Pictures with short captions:
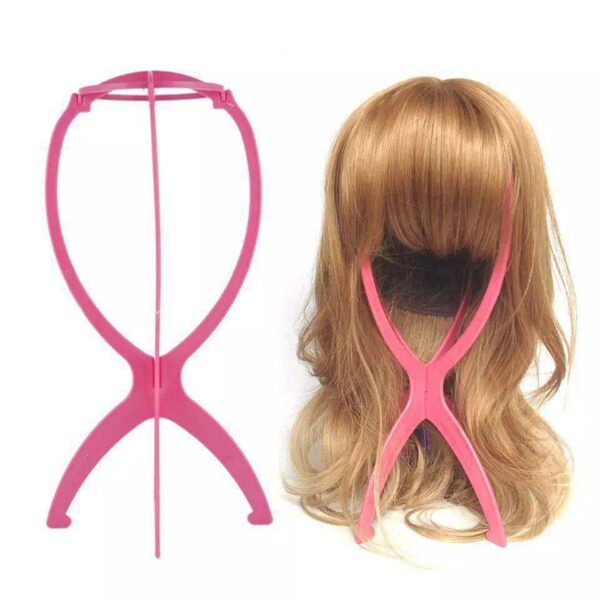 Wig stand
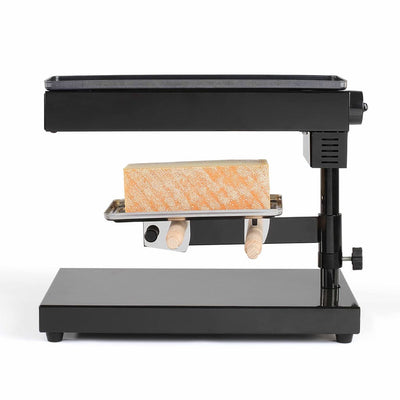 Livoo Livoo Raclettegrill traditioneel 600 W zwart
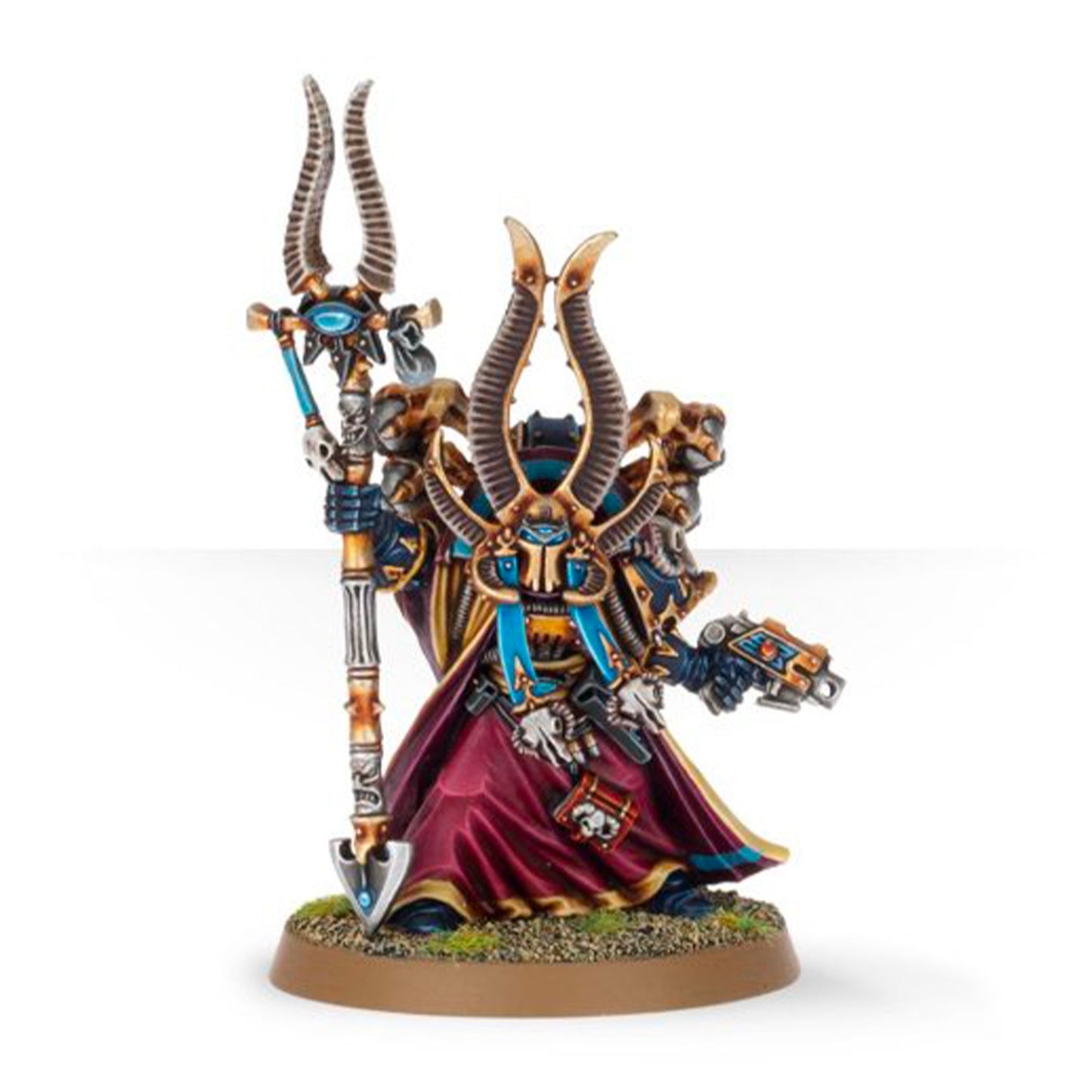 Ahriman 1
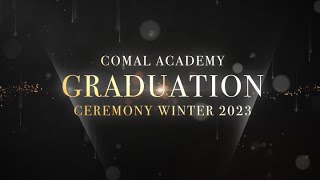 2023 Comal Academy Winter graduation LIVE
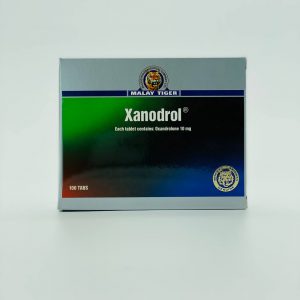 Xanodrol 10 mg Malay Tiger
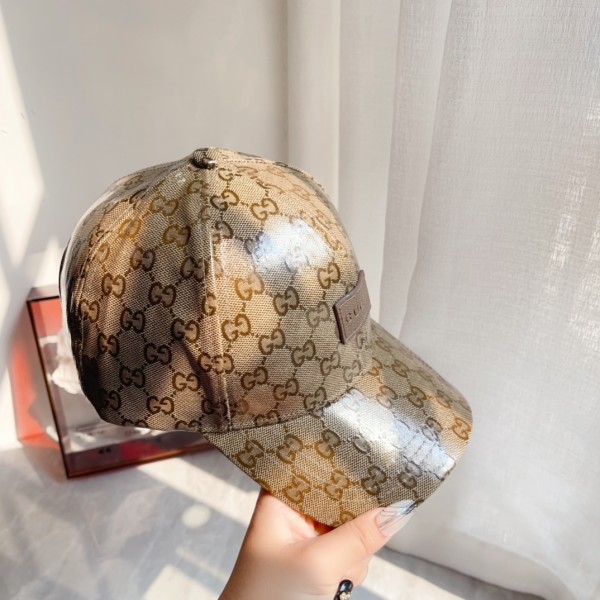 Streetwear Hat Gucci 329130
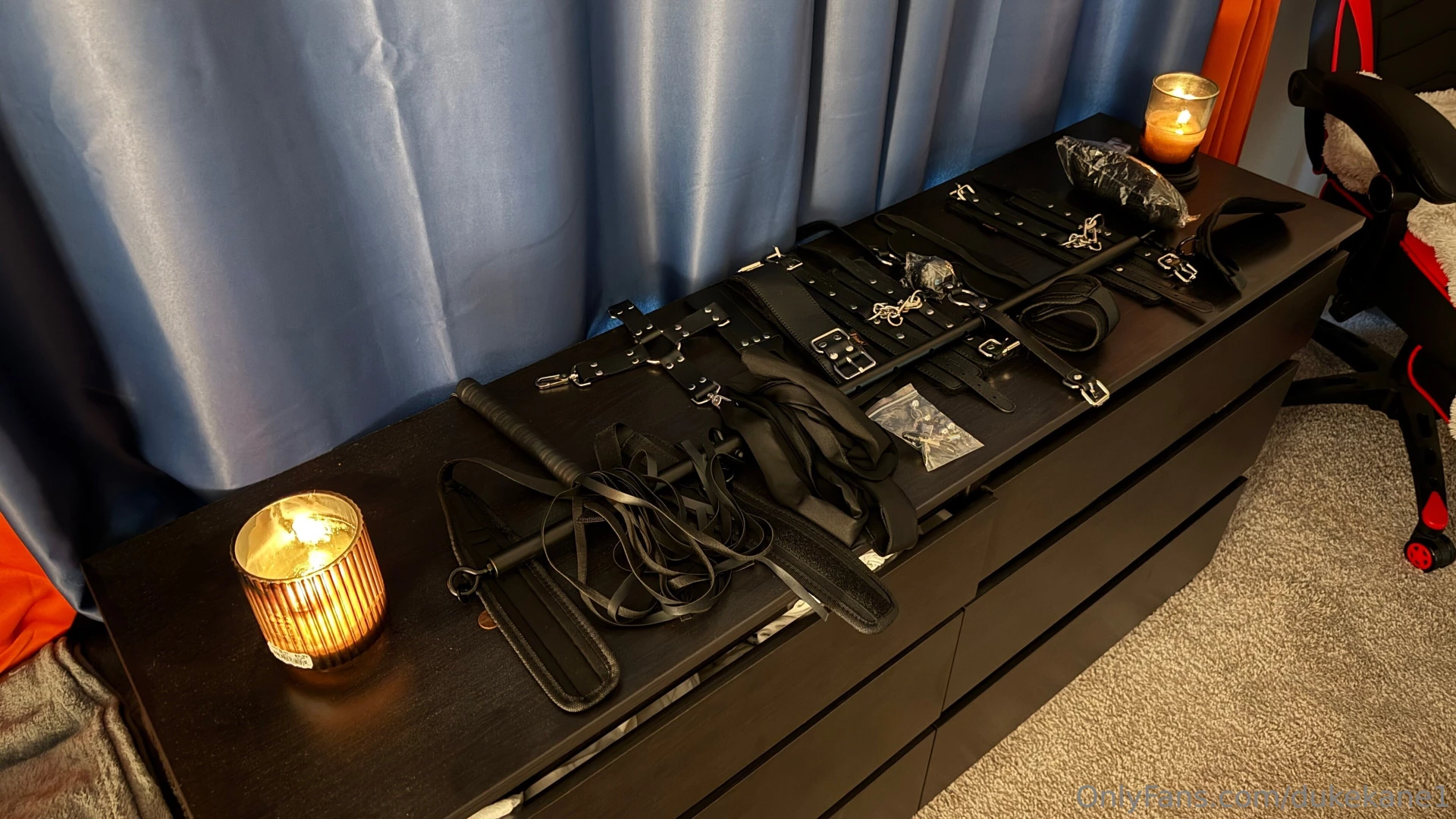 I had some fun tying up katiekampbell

--- GOAL OF THE EXERCISE ---
Word-for-word repeat, images excluded: return all the data.

--- SOLUTION BELOW ---
 Wig stand
 Livoo Livoo Raclettegrill traditioneel 600 W zwart
 Ahriman 1
 2023 Comal Academy Winter graduation LIVE
 Xanodrol 10 mg Malay Tiger
 Streetwear Hat Gucci 329130
 I had some fun tying up katiekampbell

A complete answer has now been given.